Pero, en oposición a estos actos de barbarie, hay otros hechos que pueden ser fundacionales en una u otra cultura o región. Y entre ellos debemos incluir los que nos han permitido reunirnos en este auditorio. Pues las publicaciones —y especialmente las literarias— expresan y determinan —o, mejor dicho resignifican— la identidad de los individuos que pertenecen a la comunidad que da lugar a ellas y las pone a circular.

Las formas literarias cambian, pero no la voluntad de consignación. Por ello, al compartir certezas y reconocer su carácter relativo y evanescente; al mostrar la variedad de perspectivas o enfoques sobre lo cotidiano; al subrayar las indefiniciones de “lo real” y las consecuencias que esto acarrea, asistimos como testigos a un acto que reivindica el espíritu de hombres y mujeres que, como Hipatia, en la antigua Alejandría, sólo aspiran a compartir con sus semejantes dudas fundadas, argumentos y una que otra certeza. En este marco, la aparición de la tercera serie de la colección: Siglo XXI, Escritores coahuilenses, debe ser recibida con entusiasmo.

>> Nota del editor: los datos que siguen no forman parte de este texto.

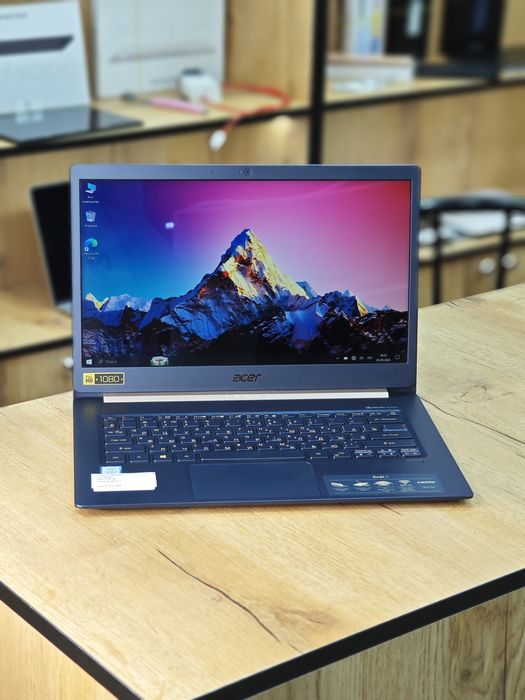 Ультрабук Сенсорный | Core i5 | 512гб | 8гб ОЗУ | Acer Swift 5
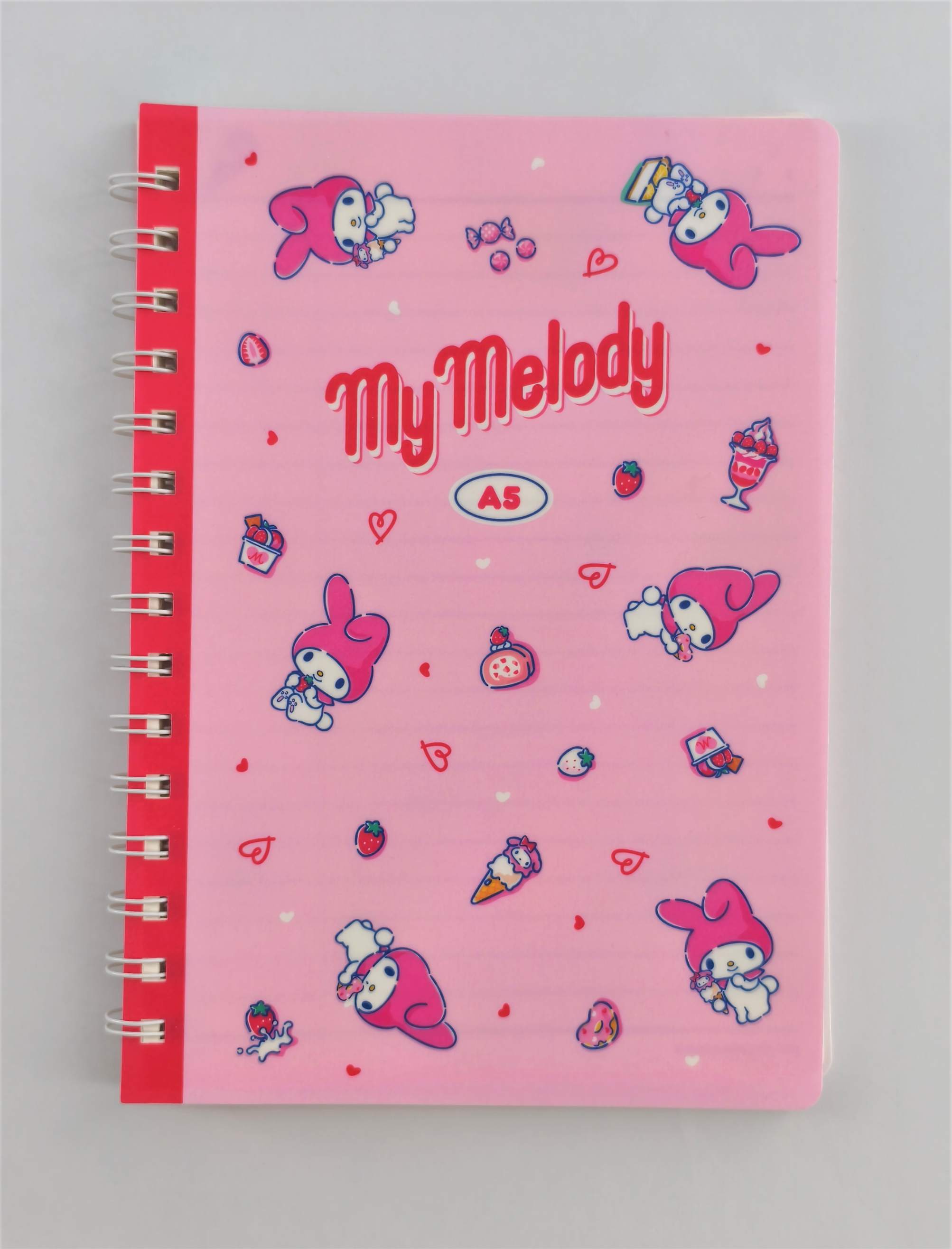 MY MELODY　レトロ手帳 Japan Sanrio - My Melody Mini Memo Pad (Vintage Retro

En lo que se refiere a los cinco títulos de poesía que forman parte de ella, debo comenzar diciendo que cada uno de estos volúmenes se suma a una tradición que lo enaltece. En este caso, por eso, es obligado evocar el nombre de Enriqueta Ochoa, escritora citada por estos autores; y también, de manera contundente, como representante de una generación de ruptura que inicia otro capítulo de la historia regional, el de Julián Herbert.

Estos libros de poesía dan cuenta de que el quehacer literario intensifica, entre otros fenómenos, la conciencia de la experiencia vital a través de los enfoques que hace de los temas reiterados en la literatura occidental: el amor, la muerte y el tiempo; y de subtemas como la soledad o el paisaje; con registros y grados de solvencia que varían de un autor a otro.

Así, Mis ojos el fuego, de Julio César Félix (Navolato, Sinaloa, 1975) muestra una gran unidad tonal y temática que da cuenta de un autor en control de sus recursos expresivos y con un notable sentido autocrítico. Aparece ahí un ejercicio de la palabra que cifra y revela sus principios: “La imagen acústica / a veces debe triunfar / sobre la conceptualización / no existe bondad: / nada es gratuito aquí / y nada es casualidad […] hay que colgar a la poesía / de un gancho…” (p. 51). También se percibe ahí una apuesta por la sonoridad y la cadencia: “siempre hay que negar la reverberación verbal...” (p. 56). Esta cualidad sonora, musical, atraviesa todo el poemario, con Mahler, Scriabin, Horowitz y Charly Parker. Además, este libro mantiene distintos diálogos literarios, con Nerval, Rilke o Verlaine, entre otros. Todos ellos como ejemplos de la soledad casi fatal del creador. Pues “el poeta canta porque está solo / y en batalla permanente, / en la resistencia de sí mismo…” (p. 71); y tras la pulsión vital o lúdica hay otra que desde ciertas ópticas es más intensa, porque “Es la muerte, pues / la que empuja a la nada / detrás de los libros / y de su ecos / ya algo distorsionados... “ (p. 94). En la cuarta de forros anoté que Mis ojos el fuego es un acontecimiento gratificante e inesperado; hoy reconsidero y digo que posee merecimientos como para tener que serlo.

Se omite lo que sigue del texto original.